Other evangelical organizations that have received reclassification include Cru, Gideons International, Voice of the Martyrs, Ravi Zacharias International Ministries (RZIM), most major televangelists, Liberty Counsel, the American Family Association, Frontiers, Ethnos 360/New Tribes Mission, The Navigators, and World Vision.
Thumma’s team did not include any of them in its count of 39,430 nondenominational churches in 2020, an increase of nearly 4,000 congregations and 6.5 million people from the 2010 religion census.
The IRS is counting them as churches for tax purposes, however.
Some Christian organizations that have historically been considered parachurch ministries have told the IRS they should be seen, legally, as churches. More started making this argument in the past five years.
In 2016, an executive at the tech company Mozilla was publicly shamed for a donation he made to a political organization opposing same-sex marriage.

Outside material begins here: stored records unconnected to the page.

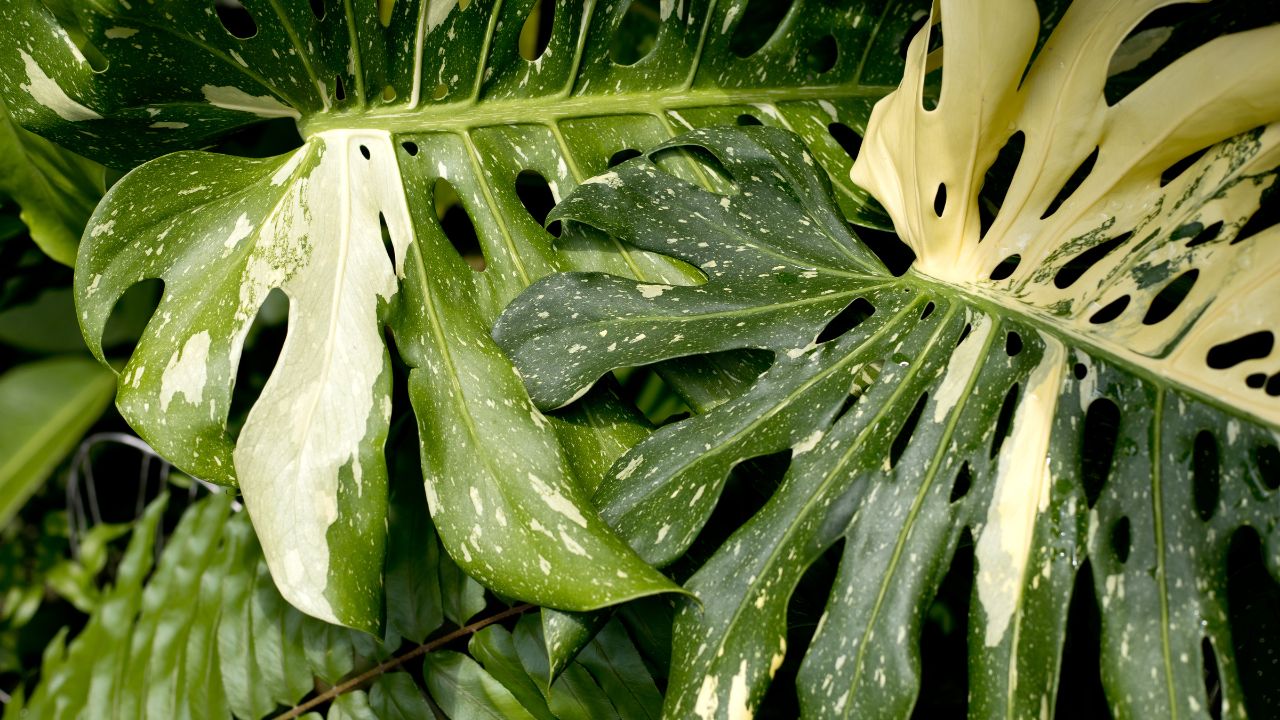 2 huge Variegated Monstera leaves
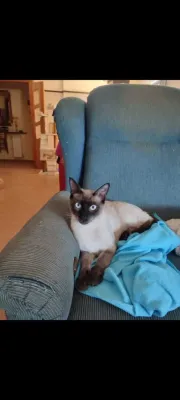 Otra foto de Mateo
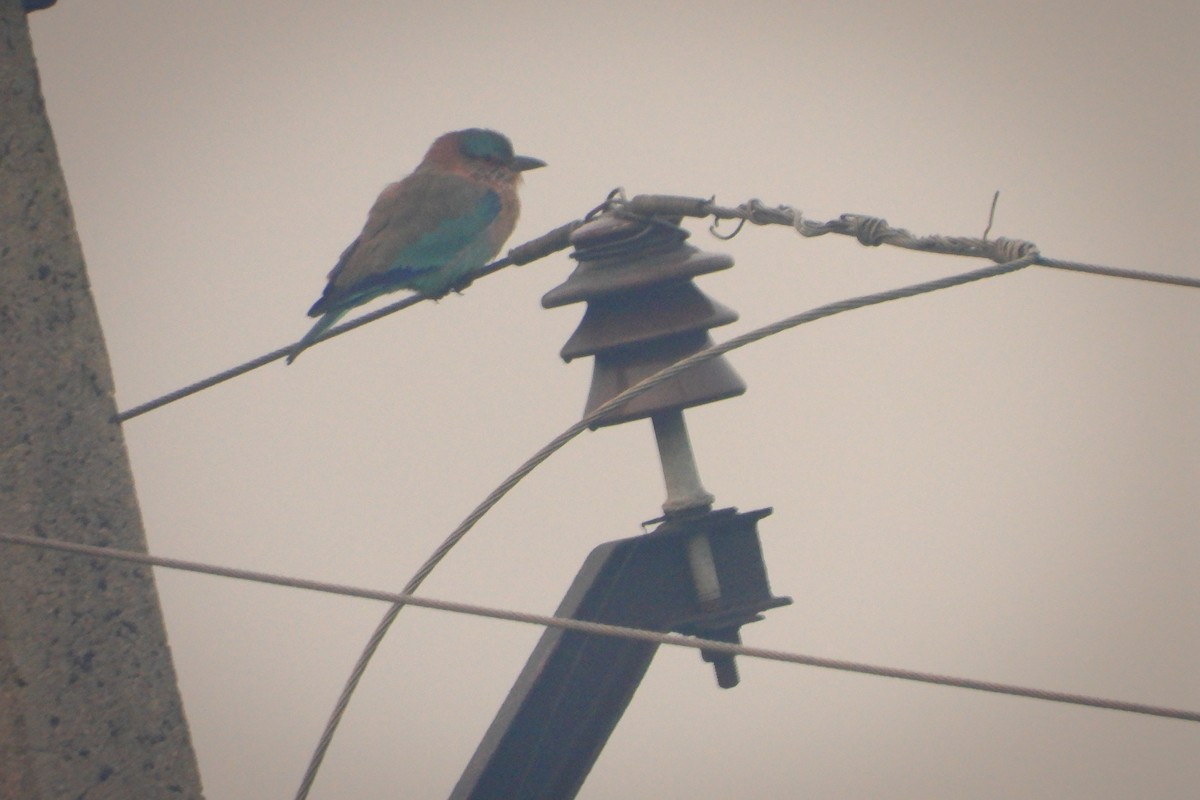 Indian Roller - ML508084491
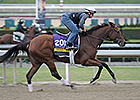 Baffert Horses, Beholder Top Oct. 28 Works Baffert Horses, Beholder Top Oct. 28 Works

He was forced to resign, raising concerns among conservative Christian groups that donors could face stiff social consequences for unpopular associations.
“This was done primarily to protect the confidentiality of our donors,” a Focus on the Family spokesman told Ministry Watch in 2020. “In recent years there have been several occasions on which non-profit organizations—on both the right and the left—were targeted for information, including the names and personal details of their donors.” ...
Politically active groups tend to really raise eyebrows when they request reclassification. The ProPublica report, for example, points out that FRC head Tony Perkins has claimed credit for pushing the Republican Party to the right and the organization hosts the Pray Vote Stand Summit, “one of the largest and most influential gatherings for those on the Christian right.”
As a church, the FRC cannot endorse candidates, according to IRS rules, but it can engage in issue advocacy.
Even observers who are basically sympathetic to these evangelical nonprofits have raised concerns about the lack of transparency. Ministry Watch president Warren Cole Smith previously served as the vice president of mission advancement for the Colson Center for Christian Worldview. He’s not opposed to evangelicals getting involved in politics or promoting a family values agenda. Still, he’s concerned about the lack of transparency and the lack of credibility when parachurches claim to be churches.
“I don’t believe that a lot of the organizations that have filed for the church exemption are in fact churches,” Smith told ProPublica. “And I don’t think that they think that they are in fact churches.”
According to the IRS, though, they are, based on 14 “marks” for what the tax revenue agency considers a church.